Maybe it’s the 9,300 games won, 11 World Series Championships, 18 National League Pennants, three National League Eastern Division Titles, and eight National League Central Division Titles.
In the past four years the Cardinals have won 365 games as opposed to only losing 283.
Or maybe it’s just the spirit of the Midwest.
St. Louis has always had the reputation of having the best fans in baseball, so much so that other teams’ fans don’t even know why they dislike them.
Rany Jazayerli, co-founder and writer for Baseball Prospectus, put it this way, “Believe me, I get it. I understand why Cardinals fans have become as loathed as any supporters in baseball. I’m as tired as anyone of their golly-gee-whiz-we-just-can’t-help-being-great-fans shtick, and I’m as exasperated as anyone that their shtick actually works.”
It’s undeniable that the Cardinals have something about them that makes fans go crazy.
Everywhere you look in St. Louis you will find someone in a Cards hat and the first topic of conversation will almost always be the previous night’s game.
People talk about “Yadi” as if he was their uncle and talk about Grichuk’s batting average like it’s their own.
So, exactly how far does the Cardinal fan base span? Certainly coast to coast.
“I’ve met a few Cards fans out here.

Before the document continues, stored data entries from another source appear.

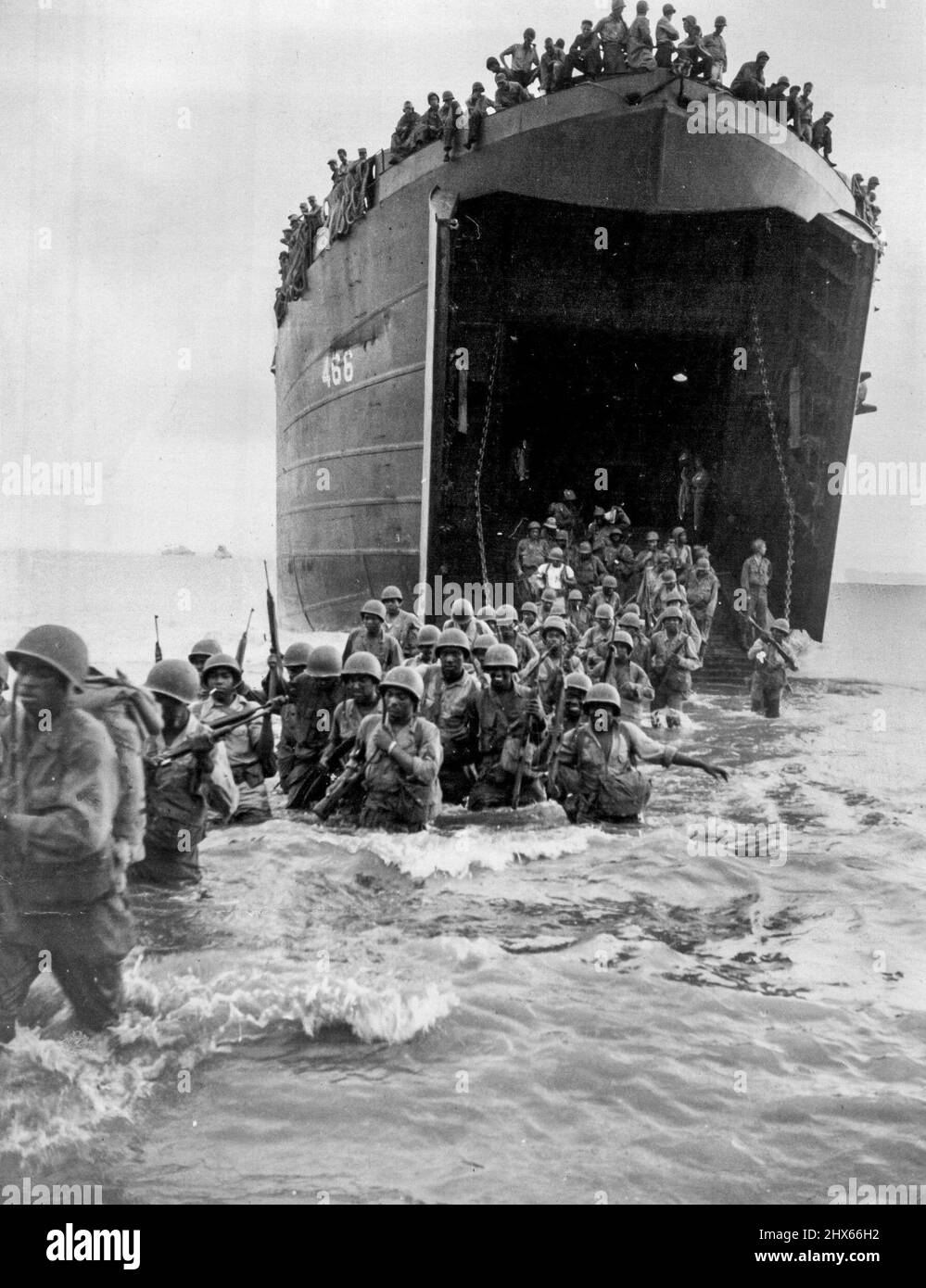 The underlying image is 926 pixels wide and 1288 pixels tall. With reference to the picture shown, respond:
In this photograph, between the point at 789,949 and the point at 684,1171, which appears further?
the point at 789,949

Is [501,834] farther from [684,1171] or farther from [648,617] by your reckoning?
[648,617]

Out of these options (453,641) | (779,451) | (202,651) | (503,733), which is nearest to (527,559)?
(779,451)

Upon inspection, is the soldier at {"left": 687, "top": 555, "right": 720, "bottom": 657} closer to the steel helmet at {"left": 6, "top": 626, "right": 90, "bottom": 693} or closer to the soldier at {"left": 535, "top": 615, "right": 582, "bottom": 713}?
the soldier at {"left": 535, "top": 615, "right": 582, "bottom": 713}

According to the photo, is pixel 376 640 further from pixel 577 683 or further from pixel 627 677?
pixel 627 677

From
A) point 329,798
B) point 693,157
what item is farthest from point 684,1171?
point 693,157

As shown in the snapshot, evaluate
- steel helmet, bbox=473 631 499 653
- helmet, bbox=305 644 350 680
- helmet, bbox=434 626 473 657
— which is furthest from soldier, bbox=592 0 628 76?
helmet, bbox=305 644 350 680

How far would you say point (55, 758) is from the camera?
405 cm

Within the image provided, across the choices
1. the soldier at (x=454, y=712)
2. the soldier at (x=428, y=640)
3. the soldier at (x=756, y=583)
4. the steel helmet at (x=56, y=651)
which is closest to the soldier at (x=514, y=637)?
the soldier at (x=428, y=640)

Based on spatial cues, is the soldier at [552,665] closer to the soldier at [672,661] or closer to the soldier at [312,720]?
the soldier at [312,720]

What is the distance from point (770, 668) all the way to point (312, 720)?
7.88 meters

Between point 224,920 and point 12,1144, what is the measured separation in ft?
7.64

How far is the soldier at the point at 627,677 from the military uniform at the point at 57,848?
8042 millimetres

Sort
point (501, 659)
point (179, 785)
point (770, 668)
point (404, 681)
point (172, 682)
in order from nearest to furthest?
point (172, 682), point (179, 785), point (404, 681), point (501, 659), point (770, 668)

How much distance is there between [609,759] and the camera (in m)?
8.67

During the last postseason we got together to watch the games,” said Adam Wilson, a 2012 MBU graduate who moved to Los Angeles upon graduating. “It was fun, and also safer. I was watching a game at a bar/restaurant and a guy was wanting to fight me after Matt Adams hit a three-run homer. Hasn’t been the easiest being in LA when we beat the Dodgers in post every year.”
Besides spanning from sea to sea, fans can also come from across the sea..
Connar Armstrong, a sophomore from Liverpool, England, has been a Cards fan for four years.
“It’s like a hometown team. We’re kind of unique in the way that we’re united between the Cardinals, the Rams and the Blues,” said Armstrong.
Some of the greatest things that Cards fans are known for are their winning attitudes and their Midwest manners.
When in the stands at Busch Stadium, something you will most likely never hear is the sound of “booing.”
“I think that they are great fans. They’re not just fair-weather fans. They really care about their team, the players and the team’s success,” said Casey Peterson, the minister of Students for Spiritual Formation and a 2012 graduate of MBU.
Cards fans are one of a kind, being from across the globe and rooting for a team with an unbeatable record.
“My brother-in-law took me to a Cardinals game and told me this was ‘St. Louis religion,’” said Peterson. “So I converted.”